Getting started from scratch: DeepSeek fine-tuning evaluation tutorial is here!

Written by
Clara Bennett
Updated on:July-14th-2025
Recommendation

You can master the fine-tuning skills of large models even without any basic knowledge, so that AI models can understand you better!

Core content:
1. Intuitive experience and effect display of large model fine-tuning
2. Select DeepSeek-R1-Distill-Qwen-7B model for fine-tuning
3. Fine-tuning tutorial reproduction and code explanation

Yang Fangxian
Founder of 53AI/Most Valuable Expert of Tencent Cloud (TVP)


Preface: Large model evaluation is a systematic project. This article hopes to give you an intuitive feeling of the effect of fine-tuning the large model in a relatively popular way. The relevant ideas are intended to serve as a starting point for discussion. If learners have a deep interest in large model evaluation, they can learn from different angles.

Three days ago, I saw an article published on our Datawhale official account titled "Zero-based entry: DeepSeek fine-tuning tutorial is here!" The response was very good. The content was very down-to-earth and suitable for learners to have a learning experience.

So, I tried to reproduce it based on that article and extended the content a little to help readers more intuitively feel the adjustments made to the model by fine-tuning the large model.

For the convenience of learning and experience, the model selected in this article is the distilled DeepSeek-R1-Distill-Qwen-7B model, and the graphics card selected is RTX4090 24G.

The Deepseek model and data set are from the Medical-o1-reasoning-SFT community.
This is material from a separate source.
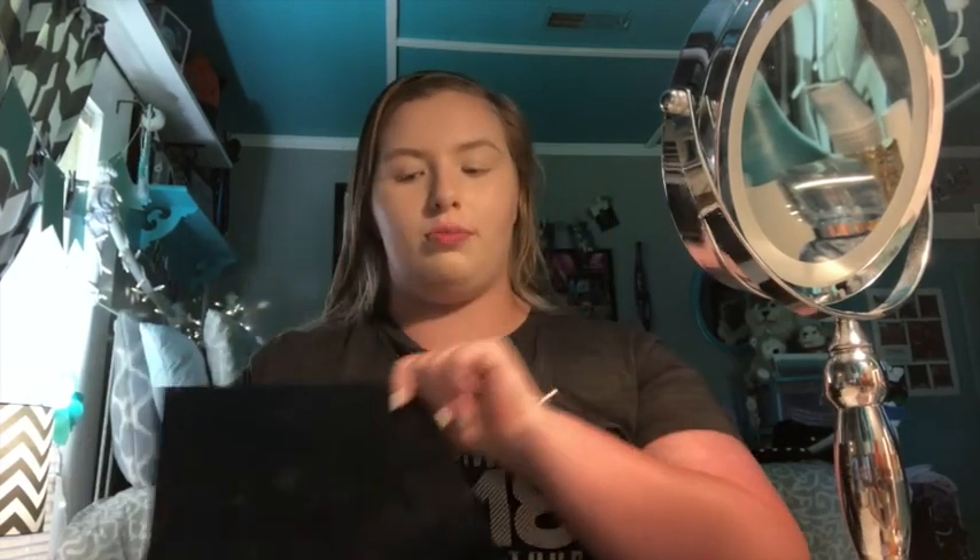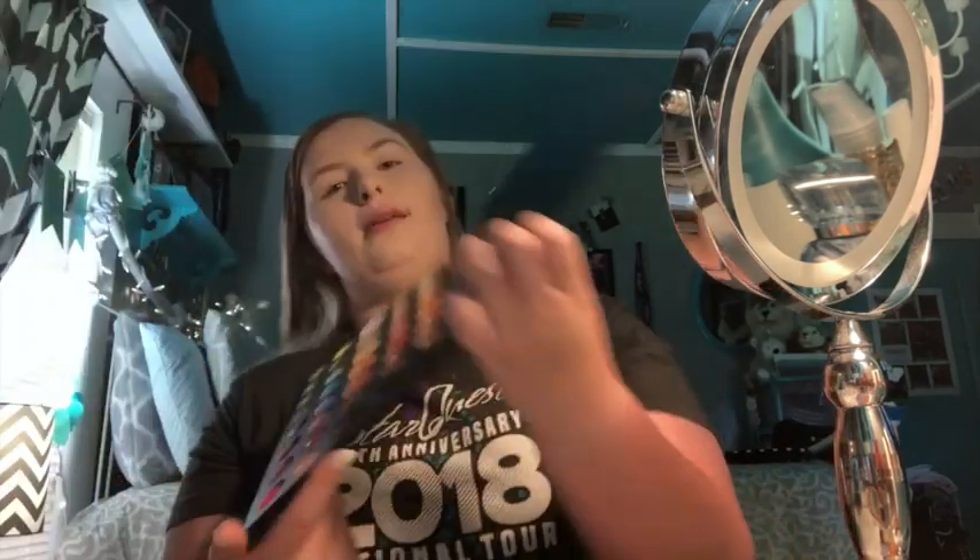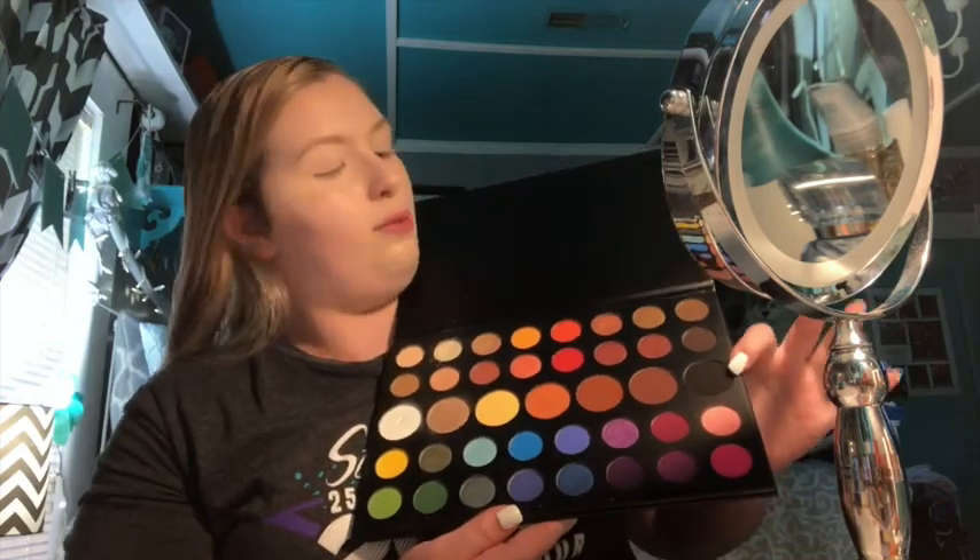I'm going to be using the James Charles palette and going in with the shade Spooky, which is the darkest shade in the entire palette — it's the black one right here. I'm going to go in with a fluffier brush and just keep going at it.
1. Fine-tune the tutorial to reproduce

import  torch
import  matplotlib.pyplot  as  plt
from  transformers  import  (
    AutoTokenizer,
    AutoModelForCausalLM,
    TrainingArguments,
    Trainer,
    TrainerCallback
)
from  peft  import  LoraConfig, get_peft_model
from  datasets  import  load_dataset
import  os

os.environ[ "CUDA_VISIBLE_DEVICES" ] =  "0"   # Specify the use of GPU 

#Configure the path (modify according to the actual path)
model_path =  "xxxx"   # model path
data_path =  "xxxx"   #dataset path
output_path =  "xxxx"   # Model save path after fine-tuning


# Set device parameters
DEVICE =  "cuda"   # Use CUDA
DEVICE_ID =  "0"   # CUDA device ID, empty if not set
device =  f" {DEVICE} : {DEVICE_ID} "  if  DEVICE_ID  else  DEVICE   # Combine CUDA device information
# Custom callback to record Loss
class  LossCallback (TrainerCallback) :
    def  __init__ (self) :
        self.losses = []

    def  on_log (self, args, state, control, logs=None, **kwargs) :
        if  "loss"  in  logs:
            self.losses.append(logs[ "loss" ])

# Data preprocessing function
def  process_data (tokenizer) :
    dataset = load_dataset( "json" , data_files=data_path, split= "train[:1500]" )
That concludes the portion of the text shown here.